By doing so, the morality systems that they prefer to read are those that don’t make them think of the “sinful world” and which they can think more technically about fantasy magic systems without having to think about moral ambiguity. In short, they prefer clearly defined “good versus evil” to the “messiness of real life” being depicted in their fantasy fiction. They have a lower tolerance threshold for objectionable content. When they try to venture reading stories like GRRM, characters like Joffrey upset them and they likely won’t get too far when characters like Ramsay Bolton are deeply unsettling to them.

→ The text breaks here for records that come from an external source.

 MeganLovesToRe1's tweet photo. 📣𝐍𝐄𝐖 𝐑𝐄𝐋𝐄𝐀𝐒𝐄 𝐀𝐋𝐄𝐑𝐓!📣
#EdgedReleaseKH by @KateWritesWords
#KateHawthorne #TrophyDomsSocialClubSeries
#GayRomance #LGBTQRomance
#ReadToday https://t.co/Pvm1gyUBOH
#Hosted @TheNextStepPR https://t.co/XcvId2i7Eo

Yet, culture changed around the 2010s, where the dominant culture was no longer the dull, garbage of good versus evil narratives, but rather the morally ambiguous with multiple points of view with characters having their own disparate ideas of right and wrong or good and evil. Yet, such narratives make them feel uncomfortable and moving “past” good and evil makes them feel as if the majority of media has largely abandoned them. Yet, they don’t want to seem priggish, because they understand most of these narratives are about people less fortunate than them who suffer from legitimate social discrimination of which these other people were never able to talk about before. They do not want to be their forebears. Yet, they feel abandoned; gone are the days of Tolkien, these are the days of Martin. As a result, Brandon Sanderson is figuratively the second coming of Jesus Christ himself to them.

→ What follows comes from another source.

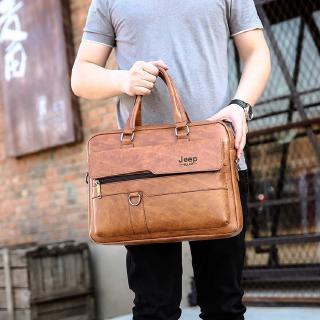 Men's Portable Business Briefcase Computer Bag Messenger Bag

It’s the real reason Sanderson has such fanfare over this subculture and why the less socially literate of them sometimes inappropriately recommend Sanderson books in subreddits about depression and struggling with thoughts of suicide. Sanderson isn’t just an author; it’s proof that they, too, still have a place in modern culture without needing to change who they fundamentally are. Sanderson means that modern culture has not abandoned them. They have their own place and subculture within the modern cultural landscape. To the best of my knowledge, this is predominately people in the US, but it may also be somewhat relevant to the West more broadly and to some fans outside the Western context due to the more globalized context of the modern world. But again, this is all based only on my own anecdotal observations. This specific subculture are eager Sanderson fans (in some contexts, over-eager), because Sanderson means that the modern world hasn’t abandoned them.

4. Hidden, non-descriptive Erotica under the guise of being subservient to Christian purity culture.

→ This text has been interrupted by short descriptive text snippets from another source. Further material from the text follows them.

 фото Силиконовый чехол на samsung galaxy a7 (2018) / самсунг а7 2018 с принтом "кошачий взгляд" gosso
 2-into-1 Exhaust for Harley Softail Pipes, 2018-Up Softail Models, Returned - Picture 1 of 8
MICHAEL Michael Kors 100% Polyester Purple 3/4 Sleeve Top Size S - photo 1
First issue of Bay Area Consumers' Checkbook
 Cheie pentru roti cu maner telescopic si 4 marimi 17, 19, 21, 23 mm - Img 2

Chapter 7 of Warbreaker made it clear to me that claims of Sanderson being squeamish about sexualization in his books was unfounded. It was merely that, much like the content of his books, they were brief descriptions and not detailed. Although many of his fans will revile and deride this fourth reason; judging from the content of Warbreaker, in which the entire premise is based on a fictional 16-year old having a nude ceremonial bathing and then removing her affluent clothes to submit herself in complete nudity to the King, it is clear to me that Sanderson and his fans merely mask their desire for erotica with non-descriptive terminology in the books and false claims that neither he nor they enjoy erotica. Essentially, they’re reading a sanitized “Christian purity” erotica with lack of description in the events, while trying to enjoy their completely healthy natural sexual desires, but with the unhealthy and unnatural mindset of not doing so because it is sinful per their Christian moral beliefs. In other words, they’re lying to themselves.